Work to complete.
Begin the copy at the line containing "الشخير أثناء النوم" in the data below and end it at the line containing "Lululemon Wunder Under", keeping each line exact and leaving out pictures.
─── Records supplied
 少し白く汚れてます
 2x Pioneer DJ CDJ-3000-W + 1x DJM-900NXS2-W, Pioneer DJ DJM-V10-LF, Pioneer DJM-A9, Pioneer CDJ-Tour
──────
─── Records supplied
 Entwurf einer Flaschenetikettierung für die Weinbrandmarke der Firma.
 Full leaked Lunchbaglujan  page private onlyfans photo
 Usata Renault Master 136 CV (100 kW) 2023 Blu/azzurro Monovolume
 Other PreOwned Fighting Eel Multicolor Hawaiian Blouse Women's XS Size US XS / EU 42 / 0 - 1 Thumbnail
──────
─── Records supplied
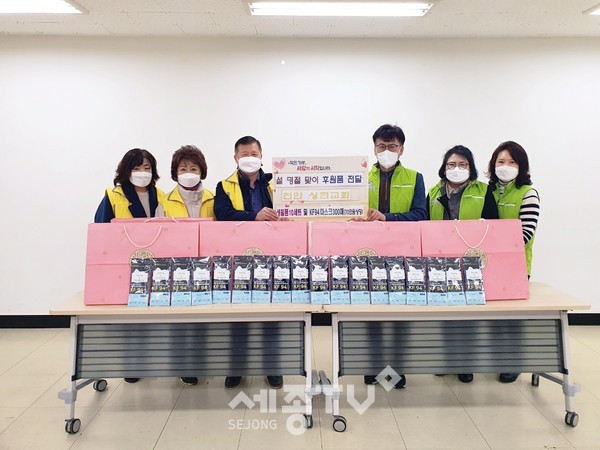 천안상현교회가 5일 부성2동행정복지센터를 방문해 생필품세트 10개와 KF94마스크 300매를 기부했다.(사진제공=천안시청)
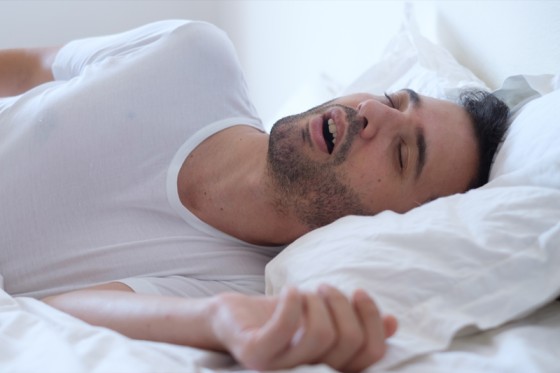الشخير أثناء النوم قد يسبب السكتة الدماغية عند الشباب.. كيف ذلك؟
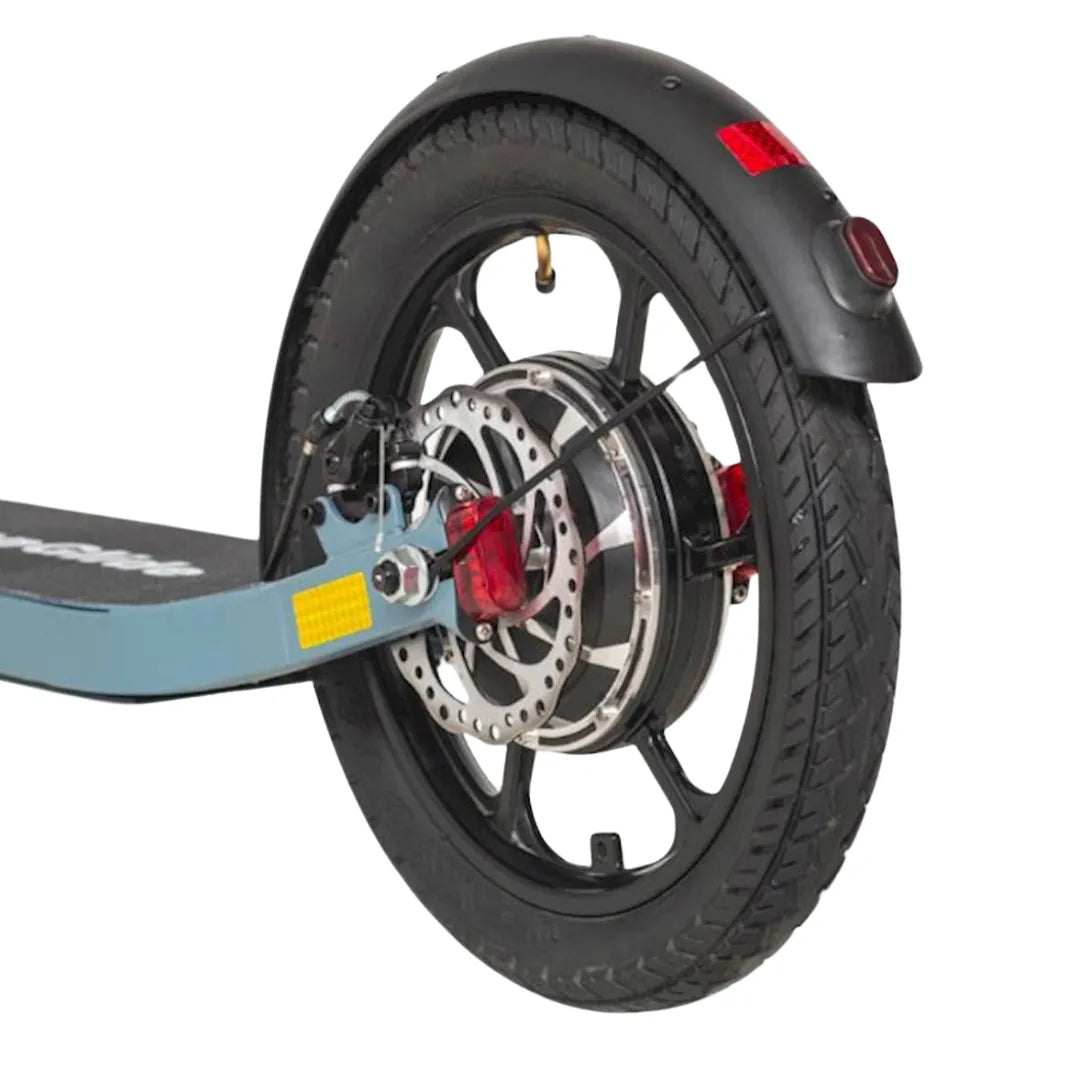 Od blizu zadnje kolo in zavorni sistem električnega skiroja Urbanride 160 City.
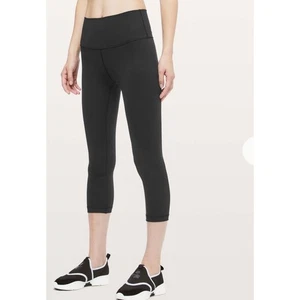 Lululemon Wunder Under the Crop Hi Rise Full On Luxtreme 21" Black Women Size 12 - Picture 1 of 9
──────
Result.
الشخير أثناء النوم قد يسبب السكتة الدماغية عند الشباب.. كيف ذلك؟
 Od blizu zadnje kolo in zavorni sistem električnega skiroja Urbanride 160 City.
 Lululemon Wunder Under the Crop Hi Rise Full On Luxtreme 21" Black Women Size 12 - Picture 1 of 9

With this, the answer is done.